Davacılar, yanlış tedavi uygulandığını belirterek maddi ve manevi tazminat istemiyle eldeki davayı açmışlardır. Mahkemece, tüketici mahkemesinin görevli olduğundan bahisle görevsizlik karar verilmiş ise de; B.K. nun 502. maddesi hükmü uyarınca, diğer ... görme sözleşmeleri hakkındaki yasal düzenlemelere tabi olmayan işlerde, vekalet hükümleri geçerlidir. Somut olayda olduğu gibi, özel hastane (ve onun tarafından istihdam edilen doktorlar) ile hasta arasındaki uyuşmazlıkların vekalet sözleşmesine ilişkin hukuksal düzenlemelere göre çözülmesi gerektiği konusunda, öğreti ve Yargıtay’ın istikrar kazanmış uygulaması arasında paralellik bulunmaktadır. (Öğreti ve uygulamaya örnek olarak: Prof. Dr. Haluk Tandoğan, Borçlar Hukuku Özel Borç İlişkileri, Cilt: 2,Sevinç Matbaası, ... 1977, sayfa: 176 ve devamı; Dairemizin 4.3.l994 gün ve 1994/8557-2l38 sayılı kararı ve aynı doğrultudaki birçok başka karar.)
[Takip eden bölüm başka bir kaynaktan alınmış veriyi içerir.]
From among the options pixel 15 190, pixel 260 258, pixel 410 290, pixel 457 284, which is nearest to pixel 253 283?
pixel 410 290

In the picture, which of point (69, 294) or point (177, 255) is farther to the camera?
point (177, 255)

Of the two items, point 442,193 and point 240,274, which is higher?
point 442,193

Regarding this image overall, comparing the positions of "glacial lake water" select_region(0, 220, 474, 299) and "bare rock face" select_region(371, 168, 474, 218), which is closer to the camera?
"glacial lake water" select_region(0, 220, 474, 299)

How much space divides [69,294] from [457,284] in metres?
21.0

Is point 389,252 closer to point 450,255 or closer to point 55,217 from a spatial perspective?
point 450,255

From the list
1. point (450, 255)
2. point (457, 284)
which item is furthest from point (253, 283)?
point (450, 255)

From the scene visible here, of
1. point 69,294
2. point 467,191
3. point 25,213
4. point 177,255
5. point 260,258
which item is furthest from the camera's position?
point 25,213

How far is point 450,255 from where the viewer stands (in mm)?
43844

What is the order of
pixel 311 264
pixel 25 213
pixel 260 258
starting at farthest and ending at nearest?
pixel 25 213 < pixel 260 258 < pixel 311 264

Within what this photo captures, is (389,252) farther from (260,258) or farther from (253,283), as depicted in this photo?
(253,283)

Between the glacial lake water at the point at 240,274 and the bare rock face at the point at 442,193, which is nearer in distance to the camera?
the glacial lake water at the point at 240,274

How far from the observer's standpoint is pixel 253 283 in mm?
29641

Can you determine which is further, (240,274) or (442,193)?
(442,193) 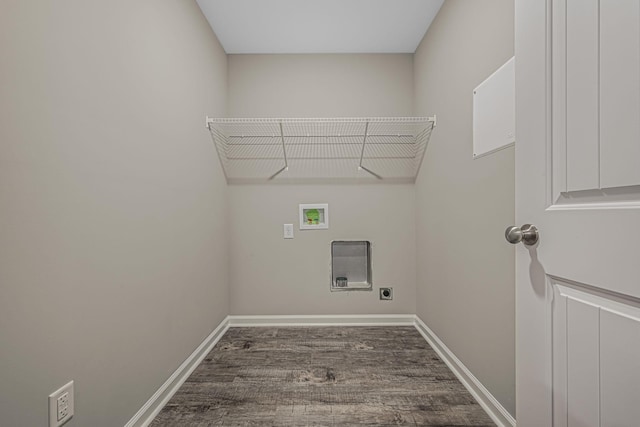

Somut olayda, davacı ... ile davalılar arasında vekil-müvekkil ilişkisi mevcut olup, davadaki talepler vekillerin vekalet görevini ifada özen borcuna aykırı davrandıkları iddiasına dayalı bulunmakla, uyuşmazlığa vekalet hükümleri uygulanmalı ve doğal olarak, uyuşmazlığın da bu çerçevede değerlendirilmesi gerekir.
Yukarıda açıklandığı üzere, taraflar arasındaki hukuki ilişkinin 4822 sayılı yasa ile değişik 4077 sayılı Tüketicinin Korunması Hakkında Kanun kapsamında değerlendirilmesi mümkün değildir. Tüketici yasası ile güdülen amaç tüketicinin tüketime yönelik satışlarda mal ve hizmetlerdeki ayıplara karşı korunması olduğundan, uyuşmazlığın genel mahkemede görülmesi gerekir. Hal böyle olunca,mahkemece işin esasına girilerek sonucuna uygun bir karar verilmesi gerekirken yazılı şekilde karar verilmesi usul ve yasaya aykırıdır.Bozmayı gerektirir.
SONUÇ : Yukarıda açıklanan nedenlerle hükmün BOZULMASINA, peşin alınan harcın istek halinde iadesine, HUMK’nun 440/III-2 maddesi uyarınca karar düzeltme yolu kapalı olmak üzere, 07.10.2013 gününde oybirliğiyle karar verildi.